Alert log is a database log file where you can find various messages about your database, like time of startup, some db parameters, log file switch, possible errors that can occur etc.
Archive logs are archived redo(online) log files. In redo log files are all changes that happened to your data. If your database is in archivelog mode, than redo logs can't be overwritten, they are archived in some other location when they are full. Redo and archive logs are used in various database recovery scenarios.

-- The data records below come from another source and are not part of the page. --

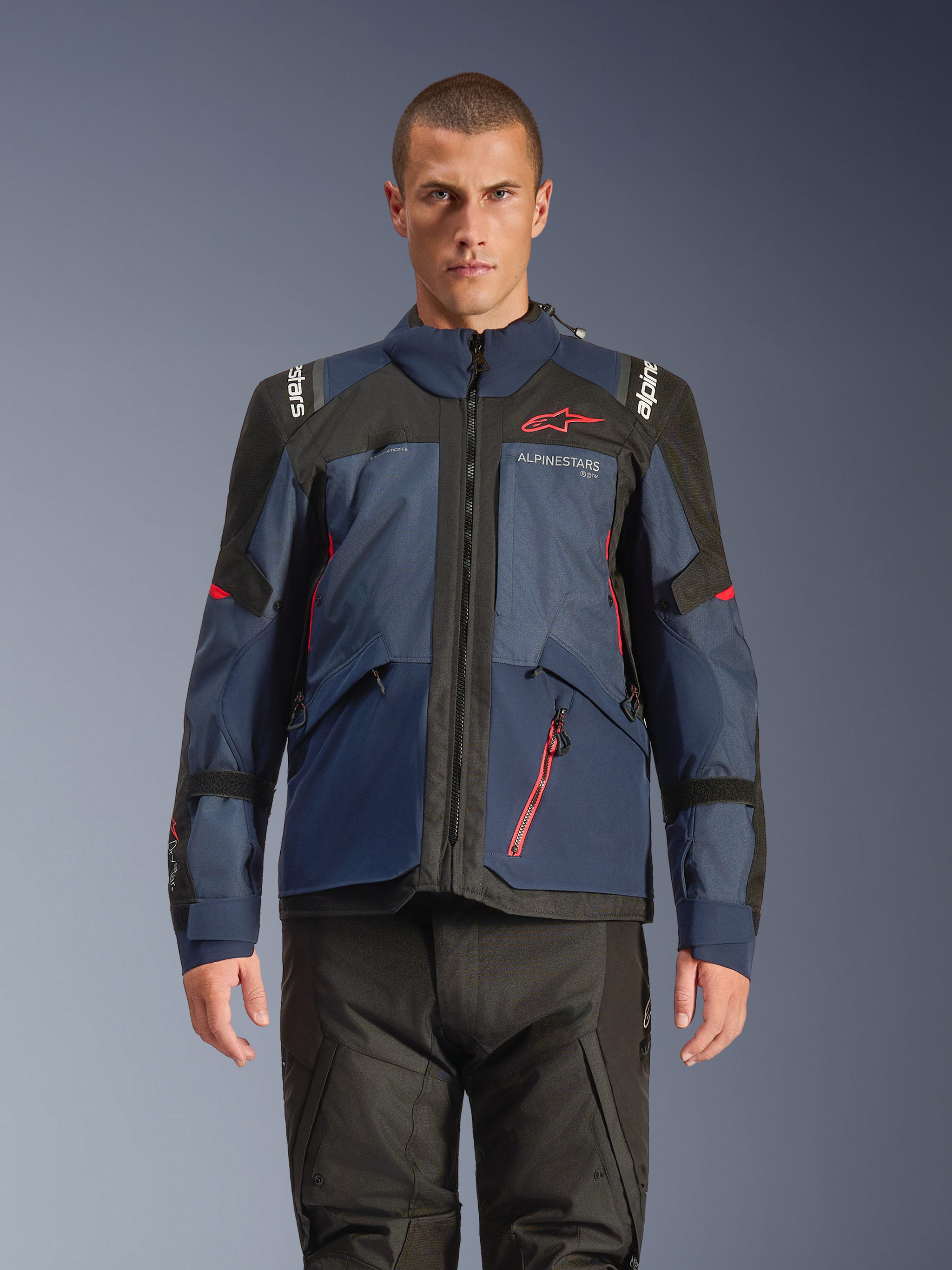 Alpinestars Giacca Andes V4 Drystar®, giacca da moto adventure, colori Night Navy e Mood Indigo con pannelli neri, indossata da un modello con pantaloni tecnici neri, logo Alpinestars rosso sul petto e dettaglio zip rossa, struttura in tessuto resistente per il touring in ogni condizione climatica.
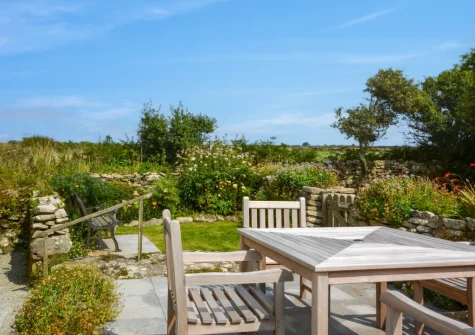 The large patio, alfresco dining area & garden at 2 The Chapel, Rinsey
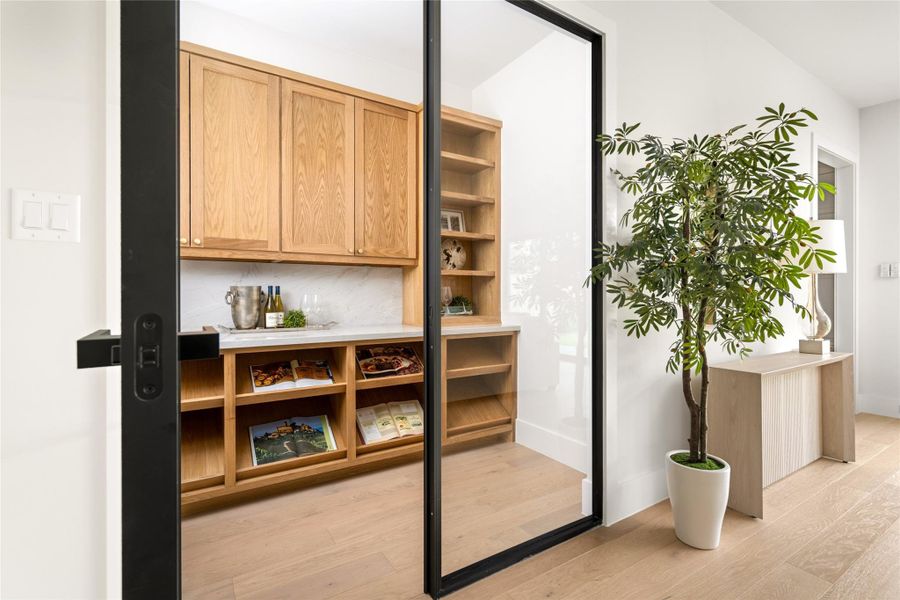 Sophisticated wine room enclosed by a black framed glass door, featuring custom white oak cabinetry, marble backsplash, and ample storage for displaying and storing bottles an elegant statement for entertaining. Sophisticated wine room enclosed by a black framed glass door, featuring custom white oak cabinetry, marble backsplash, and ample storage for displaying and storing bottles an elegant statement for entertaining.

So your Oracle expert probably used LogMiner(or some similar tool) to search through archive log files to find something like truncate table some_table;
Provided Minimal Supplemental Logging was turned on before the incident occurred that you want to research (it is off by default since there is a minor performance hit by having it on) which you can check via: select supplemental_log_data_min from v$database;
, then Logminer is the tool for this.
Start logminer:
execute dbms_logmnr_d.build(options=> dbms_logmnr_d.store_in_redo_logs);
Load the archive logs that you want to view into Logminer:
begin
dbms_logmnr.start_logmnr(
starttime => TO_TIMESTAMP('2017-03-02 07:00:00', 'YYYY-MM-DD HH24:MI:SS'),
endtime => TO_TIMESTAMP('2017-03-02 15:00:00', 'YYYY-MM-DD HH24:MI:SS'),
options => dbms_logmnr.dict_from_online_catalog + dbms_logmnr.continuous_mine);
end;
The above assumes that the ArchiveLogs are still on disk. If you've backed them up, you'll have to unpack them from the backup and register them with the database first.
Query the Redo
select timestamp, operation, username, session#, scn, sql_redo
from v$logmnr_contents where sql_redo like '<SOME SEARCH CRITERIA>';
End your logminer session
exec dbms_logmnr.end_logmnr;
You can read about Logminer from the docs.
If supplemental Logging is turned off, you may still be able to get the information you need by determining when the incident occurred using flashback queries to narrow down the exact time of the incident (provided you have a large enough Undo and retention policies are adequate):
select * from <SOMETABLE>
AS OF TIMESTAMP TO_TIMESTAMP('2017-03-02 09:30:00', 'YYYY-MM-DD HH:MI:SS')
Then query the audit trail to find out when the shared schema user logged on around the above timeframe:
select * from dba_audit_trail where username = '<SOME USER>' order by timestamp;
The above assumes that you are logging audit information to the DB (show parameter audit_trail;
). You can read about auditing from the docs.